The consumer carbon tax imposes highly visible costs on consumers. The federally mandated price is currently $80 a tonne of carbon – that’s 17.6 cents on a litre of gasoline – and is scheduled to rise to $170 a tonne in 2030. The visibility of those costs is a key feature that makes the tax beloved of economists and affiliated eggheads.

Quebec uses cap-and-trade, which is non-transparent carbon pricing, but eight other provinces declined to bring in their own systems and so are subject to the federal carbon tax. B.C. operates an equivalent home-grown tax.

The cost of a tax on carbon-based fuels, which hits you in the face every time you fill up the SUV or burn natural gas in a furnace, is designed to make people consider saving money by limiting use of carbon-based fuels. It’s designed to push people to think about alternatives such as driving a more fuel-efficient car, or replacing the furnace with a heat pump.

Because nearly all federal carbon tax revenues are returned to taxpayers in quarterly payments, people with a small carbon footprint end up with more money in their pockets than they pay in tax.

The tax is based on a foundational insight of economics, and one you don’t need a PhD to figure out: People are price-sensitive. Raise the price of something for which there are substitutes, and consumers will try to save money by turning to those substitutes.

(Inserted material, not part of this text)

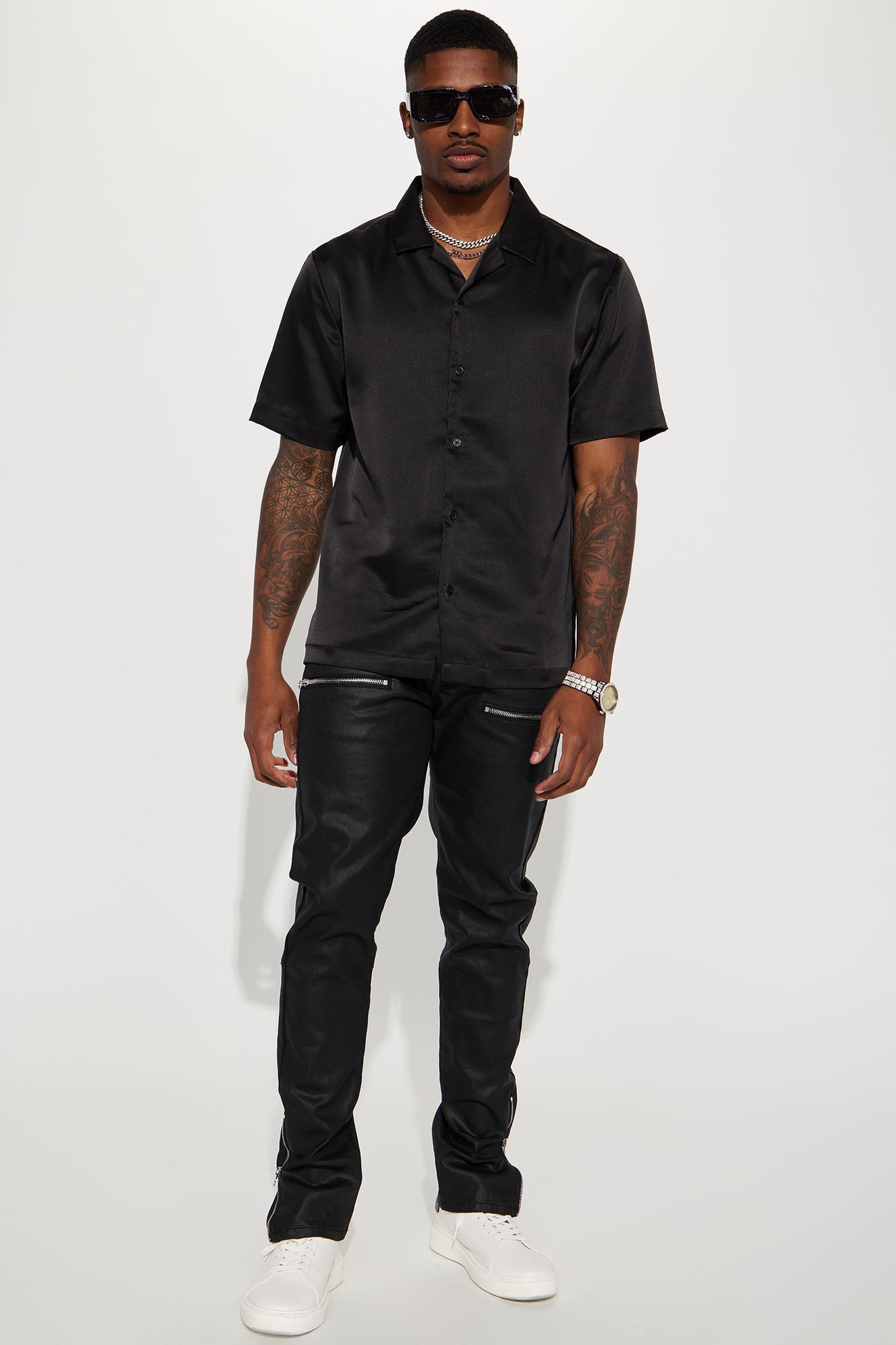 Keeping It Cool Waxed Skinny Pants - Black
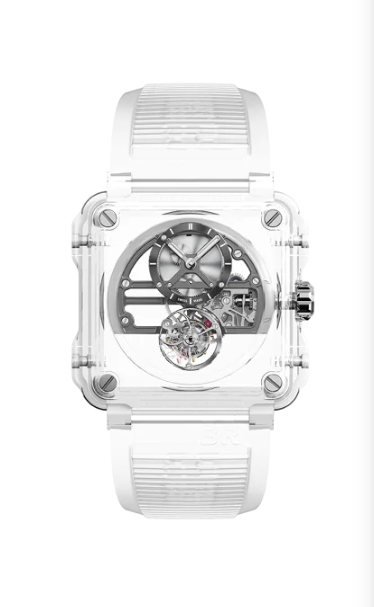 BR-X1 Tourbillon 45mm in Sapphire -  Limited Edition of 8 Pieces on Translucent Rubber Strap with Skeleton Dial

But when we leave the department of economics and move over to political science, we discover that, rather than choosing a more fuel-efficient car, voters may choose a less pro-carbon tax government. (Or successfully lobby the government to have certain fuels exempted from carbon tax, as happened last fall with home heating oil.) That might include voters who, just a few years ago, were telling pollsters they liked the idea of a carbon tax, and who even today say they want major emissions reductions.

It’s notable that the one province where carbon pricing is not a lightning rod is Quebec. Carbon pricing there happens through a completely opaque cap-and-trade system. Consumers are paying, but the price is not transparent. Quebec also has no consumer rebates. It’s one possible model for replacing the federal consumer carbon tax.

Another is to ditch consumer-facing carbon pricing, but retain carbon prices and emissions regulations for business. These have costs which are borne by consumers, but are invisible to them.

An analysis from the Canadian Climate Institute, an independent research organization, found that consumer carbon taxes might be responsible for as little as 8 per cent of the country’s emission reductions by 2030. Ditching the tax on gasoline might only be a relatively small environmental negative.

But if the carbon tax disappears, so will the funds for quarterly rebate cheques. That’s why I expect we’ll see some politicians proposing to keep the rebates, without the taxes. Just run up the deficit.

And with the federal NDP now against the consumer carbon tax, might the Trudeau government shift? Or dig in deeper?

And what about the federal Conservatives? With other parties moving towards them, will they double down on their anti-carbon-tax identity, by increasing opposition to other measures that lower emissions but raise the price of gasoline?

The politics of what comes next are just getting started.